EXTRACTED ENTRIES:

______________________________

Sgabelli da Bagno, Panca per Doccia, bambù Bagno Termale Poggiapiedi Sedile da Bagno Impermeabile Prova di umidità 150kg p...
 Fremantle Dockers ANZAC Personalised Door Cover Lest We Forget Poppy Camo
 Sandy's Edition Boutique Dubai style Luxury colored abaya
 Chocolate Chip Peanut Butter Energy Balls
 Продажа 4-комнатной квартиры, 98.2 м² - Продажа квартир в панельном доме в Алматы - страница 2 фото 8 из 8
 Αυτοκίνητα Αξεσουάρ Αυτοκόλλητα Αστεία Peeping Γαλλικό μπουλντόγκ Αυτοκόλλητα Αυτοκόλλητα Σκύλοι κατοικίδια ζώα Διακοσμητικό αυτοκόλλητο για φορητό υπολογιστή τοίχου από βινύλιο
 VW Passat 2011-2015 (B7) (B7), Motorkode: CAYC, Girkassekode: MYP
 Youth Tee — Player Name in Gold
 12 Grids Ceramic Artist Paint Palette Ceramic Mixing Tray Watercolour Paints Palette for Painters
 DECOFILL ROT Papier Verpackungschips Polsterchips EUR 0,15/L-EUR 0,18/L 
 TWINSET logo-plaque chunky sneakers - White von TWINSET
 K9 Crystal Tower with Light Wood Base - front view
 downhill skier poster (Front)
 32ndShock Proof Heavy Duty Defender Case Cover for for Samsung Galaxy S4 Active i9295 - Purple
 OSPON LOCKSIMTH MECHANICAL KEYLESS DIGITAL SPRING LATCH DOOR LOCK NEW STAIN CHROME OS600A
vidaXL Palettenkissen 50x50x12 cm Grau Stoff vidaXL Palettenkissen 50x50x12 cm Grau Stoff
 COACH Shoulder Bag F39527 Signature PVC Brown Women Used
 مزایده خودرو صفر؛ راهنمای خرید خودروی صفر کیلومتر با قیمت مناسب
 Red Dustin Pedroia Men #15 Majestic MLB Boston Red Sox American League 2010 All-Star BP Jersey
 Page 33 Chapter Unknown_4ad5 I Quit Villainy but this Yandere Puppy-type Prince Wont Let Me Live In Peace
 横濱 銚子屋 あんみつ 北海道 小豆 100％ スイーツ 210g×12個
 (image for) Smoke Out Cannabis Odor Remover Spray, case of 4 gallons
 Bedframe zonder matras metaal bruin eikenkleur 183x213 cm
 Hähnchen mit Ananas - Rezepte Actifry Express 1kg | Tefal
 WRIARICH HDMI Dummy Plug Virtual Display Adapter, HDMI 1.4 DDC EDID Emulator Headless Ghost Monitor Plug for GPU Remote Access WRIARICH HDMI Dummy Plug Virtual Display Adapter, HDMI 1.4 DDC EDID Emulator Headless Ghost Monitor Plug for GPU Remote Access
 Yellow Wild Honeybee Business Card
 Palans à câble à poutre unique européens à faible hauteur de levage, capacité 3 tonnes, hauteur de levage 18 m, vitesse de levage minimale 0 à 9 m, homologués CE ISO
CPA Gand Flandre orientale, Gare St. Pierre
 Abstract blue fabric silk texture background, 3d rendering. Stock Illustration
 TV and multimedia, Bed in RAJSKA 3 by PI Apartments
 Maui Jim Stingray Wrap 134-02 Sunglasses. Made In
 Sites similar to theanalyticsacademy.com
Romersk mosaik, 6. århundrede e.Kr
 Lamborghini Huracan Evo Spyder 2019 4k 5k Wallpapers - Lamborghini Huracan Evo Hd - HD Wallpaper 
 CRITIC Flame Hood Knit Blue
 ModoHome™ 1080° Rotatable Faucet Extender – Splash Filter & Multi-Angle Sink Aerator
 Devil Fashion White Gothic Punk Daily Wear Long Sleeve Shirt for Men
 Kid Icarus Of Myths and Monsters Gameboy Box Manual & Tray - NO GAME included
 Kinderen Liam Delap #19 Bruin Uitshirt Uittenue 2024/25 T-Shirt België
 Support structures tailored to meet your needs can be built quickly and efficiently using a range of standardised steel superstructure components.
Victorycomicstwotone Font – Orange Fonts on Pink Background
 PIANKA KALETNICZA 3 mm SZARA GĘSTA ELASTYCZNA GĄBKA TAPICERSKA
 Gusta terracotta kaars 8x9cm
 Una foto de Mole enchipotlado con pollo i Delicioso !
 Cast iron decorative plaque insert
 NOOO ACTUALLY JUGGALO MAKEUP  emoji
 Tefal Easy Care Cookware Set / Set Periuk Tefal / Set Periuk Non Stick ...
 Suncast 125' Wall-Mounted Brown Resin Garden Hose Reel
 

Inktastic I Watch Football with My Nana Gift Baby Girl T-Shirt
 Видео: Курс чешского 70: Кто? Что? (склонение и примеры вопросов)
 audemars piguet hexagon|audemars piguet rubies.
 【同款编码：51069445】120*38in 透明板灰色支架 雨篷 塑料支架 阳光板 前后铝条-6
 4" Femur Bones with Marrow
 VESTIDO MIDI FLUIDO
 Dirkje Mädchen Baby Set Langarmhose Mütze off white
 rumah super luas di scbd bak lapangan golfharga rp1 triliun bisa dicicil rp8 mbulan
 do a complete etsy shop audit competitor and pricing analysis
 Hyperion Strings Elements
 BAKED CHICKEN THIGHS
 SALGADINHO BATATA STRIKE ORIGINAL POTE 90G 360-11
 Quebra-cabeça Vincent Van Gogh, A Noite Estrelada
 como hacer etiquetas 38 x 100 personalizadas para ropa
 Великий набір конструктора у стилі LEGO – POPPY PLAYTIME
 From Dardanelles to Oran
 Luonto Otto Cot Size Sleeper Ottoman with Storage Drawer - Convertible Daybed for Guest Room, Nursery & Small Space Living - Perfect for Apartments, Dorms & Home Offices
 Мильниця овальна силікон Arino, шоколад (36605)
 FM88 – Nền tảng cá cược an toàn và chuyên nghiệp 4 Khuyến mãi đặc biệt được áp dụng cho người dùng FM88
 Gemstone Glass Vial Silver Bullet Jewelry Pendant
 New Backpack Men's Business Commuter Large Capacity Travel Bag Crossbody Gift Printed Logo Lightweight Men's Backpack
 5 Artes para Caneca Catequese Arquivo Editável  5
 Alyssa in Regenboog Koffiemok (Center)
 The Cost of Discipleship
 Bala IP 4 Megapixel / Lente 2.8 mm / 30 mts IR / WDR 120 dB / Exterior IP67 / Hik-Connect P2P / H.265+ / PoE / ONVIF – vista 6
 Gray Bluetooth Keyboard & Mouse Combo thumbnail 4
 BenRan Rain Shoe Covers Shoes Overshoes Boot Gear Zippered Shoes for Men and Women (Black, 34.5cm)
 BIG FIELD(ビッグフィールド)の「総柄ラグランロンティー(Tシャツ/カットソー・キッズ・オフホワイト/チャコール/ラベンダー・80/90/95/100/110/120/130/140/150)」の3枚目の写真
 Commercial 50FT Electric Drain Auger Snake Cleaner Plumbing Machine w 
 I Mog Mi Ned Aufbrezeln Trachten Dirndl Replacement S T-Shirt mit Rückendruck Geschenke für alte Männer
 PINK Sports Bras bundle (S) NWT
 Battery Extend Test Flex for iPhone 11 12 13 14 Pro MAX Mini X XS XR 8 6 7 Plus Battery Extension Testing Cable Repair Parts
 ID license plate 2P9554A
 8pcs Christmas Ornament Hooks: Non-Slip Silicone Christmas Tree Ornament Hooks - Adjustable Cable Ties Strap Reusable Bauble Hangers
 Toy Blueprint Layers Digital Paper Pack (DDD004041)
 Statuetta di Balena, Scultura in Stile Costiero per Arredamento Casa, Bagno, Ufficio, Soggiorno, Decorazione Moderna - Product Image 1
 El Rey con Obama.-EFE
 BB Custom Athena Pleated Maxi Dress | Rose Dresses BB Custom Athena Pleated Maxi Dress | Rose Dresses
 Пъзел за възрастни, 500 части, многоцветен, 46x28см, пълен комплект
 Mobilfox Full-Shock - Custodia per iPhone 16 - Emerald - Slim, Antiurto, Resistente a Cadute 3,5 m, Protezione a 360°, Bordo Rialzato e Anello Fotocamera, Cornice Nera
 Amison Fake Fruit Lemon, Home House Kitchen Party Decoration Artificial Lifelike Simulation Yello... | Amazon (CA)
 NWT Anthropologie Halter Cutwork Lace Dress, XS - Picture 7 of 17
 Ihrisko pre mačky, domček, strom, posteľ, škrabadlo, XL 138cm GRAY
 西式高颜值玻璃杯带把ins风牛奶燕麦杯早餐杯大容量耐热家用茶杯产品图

______________________________

DIRECTIONS FOR THIS TASK: Reproduce the lines of the entries above from the one with "I Mog Mi Ned" to the one with "Mobilfox Full-Shock - Custodia", both included, exactly and without any other line.

EXERCISE OUTPUT:
 I Mog Mi Ned Aufbrezeln Trachten Dirndl Replacement S T-Shirt mit Rückendruck Geschenke für alte Männer
 PINK Sports Bras bundle (S) NWT
 Battery Extend Test Flex for iPhone 11 12 13 14 Pro MAX Mini X XS XR 8 6 7 Plus Battery Extension Testing Cable Repair Parts
 ID license plate 2P9554A
 8pcs Christmas Ornament Hooks: Non-Slip Silicone Christmas Tree Ornament Hooks - Adjustable Cable Ties Strap Reusable Bauble Hangers
 Toy Blueprint Layers Digital Paper Pack (DDD004041)
 Statuetta di Balena, Scultura in Stile Costiero per Arredamento Casa, Bagno, Ufficio, Soggiorno, Decorazione Moderna - Product Image 1
 El Rey con Obama.-EFE
 BB Custom Athena Pleated Maxi Dress | Rose Dresses BB Custom Athena Pleated Maxi Dress | Rose Dresses
 Пъзел за възрастни, 500 части, многоцветен, 46x28см, пълен комплект
 Mobilfox Full-Shock - Custodia per iPhone 16 - Emerald - Slim, Antiurto, Resistente a Cadute 3,5 m, Protezione a 360°, Bordo Rialzato e Anello Fotocamera, Cornice Nera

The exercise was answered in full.